The Australian market has ended the day lower after losses from the Commonwealth Bank bled into the broader market and the energy sector took another hit on global oil price volatility.

The benchmark S&P/ASX200 was down 0.25 per cent to 5720.6 points at 1630 AEST on Friday.

A dark day of trade for the influential Commonwealth Bank has weighed heavily on the financial sector – and the ASX as a whole – after the government’s financial intelligence unit, AUSTRAC alleged CBA was in breach of money laundering and counter-terrorism financing laws.

CBA shares closed down 3.9 per cent at $80.72.

ANZ was 0.3 per cent lower at $29.49 and Westpac was down 0.5 per cent at $31.54.

National Australia Bank bucked the trend, ending the day 0.2 per cent up at $29.93.

ASR Wealth Advisers senior adviser Gary Huxtable said there was a lot of innuendo at play on the markets from the outset with a lot of over-selling, too much negativity priced in and nothing at this stage substantiated regarding CBA.

“And bear in mind it may be difficult for AUSTRAC to impose these penalties and they may need to strike a balance between sending a message and impacting a lot of Australians,” Mr Huxtable said.

After another weakening in global oil prices overnight, the local energy sector took a hit, with Santos down 2.4 per cent and Oil Search down 2.1 per cent.
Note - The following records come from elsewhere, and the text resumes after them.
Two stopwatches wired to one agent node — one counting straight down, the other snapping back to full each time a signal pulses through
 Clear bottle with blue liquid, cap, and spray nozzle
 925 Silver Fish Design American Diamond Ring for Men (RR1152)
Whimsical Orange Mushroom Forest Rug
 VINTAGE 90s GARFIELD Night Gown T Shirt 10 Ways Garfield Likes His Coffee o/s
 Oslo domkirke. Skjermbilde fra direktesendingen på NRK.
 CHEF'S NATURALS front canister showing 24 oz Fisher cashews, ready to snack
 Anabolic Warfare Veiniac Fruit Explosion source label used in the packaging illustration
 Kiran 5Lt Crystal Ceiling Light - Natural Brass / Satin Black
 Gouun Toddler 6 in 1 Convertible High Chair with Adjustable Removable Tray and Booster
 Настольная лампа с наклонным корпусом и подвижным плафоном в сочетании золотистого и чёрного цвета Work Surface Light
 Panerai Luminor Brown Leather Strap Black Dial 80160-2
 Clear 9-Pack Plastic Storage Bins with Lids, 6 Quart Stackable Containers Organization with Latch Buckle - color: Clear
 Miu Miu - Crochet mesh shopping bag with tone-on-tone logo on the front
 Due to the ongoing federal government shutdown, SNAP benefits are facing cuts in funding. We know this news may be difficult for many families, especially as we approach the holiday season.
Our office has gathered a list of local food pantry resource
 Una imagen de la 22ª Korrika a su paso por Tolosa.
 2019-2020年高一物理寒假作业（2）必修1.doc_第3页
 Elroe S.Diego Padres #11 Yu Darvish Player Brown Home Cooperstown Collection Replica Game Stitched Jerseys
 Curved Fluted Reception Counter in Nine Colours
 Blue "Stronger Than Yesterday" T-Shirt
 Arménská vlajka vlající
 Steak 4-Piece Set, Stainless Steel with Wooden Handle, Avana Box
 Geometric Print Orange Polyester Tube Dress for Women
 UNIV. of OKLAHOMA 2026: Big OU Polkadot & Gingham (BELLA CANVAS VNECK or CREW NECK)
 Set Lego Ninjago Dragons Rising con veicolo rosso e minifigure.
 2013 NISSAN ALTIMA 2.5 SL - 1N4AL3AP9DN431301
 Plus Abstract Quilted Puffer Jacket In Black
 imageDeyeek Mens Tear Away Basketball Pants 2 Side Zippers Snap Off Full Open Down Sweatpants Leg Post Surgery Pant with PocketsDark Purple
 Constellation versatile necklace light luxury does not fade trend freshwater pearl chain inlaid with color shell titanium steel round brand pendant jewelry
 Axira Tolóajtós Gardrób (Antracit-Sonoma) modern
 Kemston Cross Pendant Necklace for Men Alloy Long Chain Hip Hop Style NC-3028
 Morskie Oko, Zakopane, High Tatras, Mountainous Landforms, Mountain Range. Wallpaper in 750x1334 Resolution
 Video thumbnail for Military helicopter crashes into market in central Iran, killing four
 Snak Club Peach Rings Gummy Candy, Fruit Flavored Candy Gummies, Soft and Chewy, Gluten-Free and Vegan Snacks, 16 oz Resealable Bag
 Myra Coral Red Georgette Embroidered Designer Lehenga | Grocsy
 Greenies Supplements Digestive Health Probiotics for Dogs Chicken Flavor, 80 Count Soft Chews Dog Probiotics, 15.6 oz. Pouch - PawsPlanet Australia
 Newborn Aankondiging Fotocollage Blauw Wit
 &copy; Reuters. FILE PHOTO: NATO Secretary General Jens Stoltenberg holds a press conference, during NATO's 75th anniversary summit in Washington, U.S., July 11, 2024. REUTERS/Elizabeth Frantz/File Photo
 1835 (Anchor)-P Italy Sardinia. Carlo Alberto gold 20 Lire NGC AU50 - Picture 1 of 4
But Origin Energy was up 0.3 per cent and Woodside Petroleum had gained 0.2 per cent.

Meanwhile, shares in online travel agency Webjet were up ten per cent at $12.08 as the company resumed trading at pace, $93 million the better after a successful institutional capital raising.

Crown Resorts lost earlier gains to finish three per cent lower at $12.40 after the casino operator nearly doubled full-year profit to $1.9 billion, after pocketing $1.6 billion from the China sale of its Melco Resorts & Entertainment interest.

Fellow gaming giant Tabcorp was up 1.4 per cent to $4.35, after reporting a full-year net loss of $20.8 million on the back of costs related to its proposed merger with Tatts, legal wrangles and its new UK business.

Mr Huxtable said a pattern is emerging with the last six Friday sessions on the ASX heavily sold off.

“A lot of short-term traders are liquidating their positions going into the weekend. With looming US non-farm payrolls just hours away, today was no different.”

The Australian dollar has also regained some of Thursday’s losses against a still-weakened greenback, trading at 79.68 US cents, up from 79.28 US cents on Thursday.

ON THE ASX:

* At 1630 AEST, the benchmark S&P/ASX200 was down 14.5 points, or 0.25 per cent, at 5,720.6 points.

* The broader All Ordinaries index was down 13.5 points, or 0.23 per cent, at 5,773.3 points.

* The September SPI200 futures contract was down 5 points or 0.09 per cent at 5,660 points.

* National turnover was 2.9 billion securities traded worth $5.8 billion.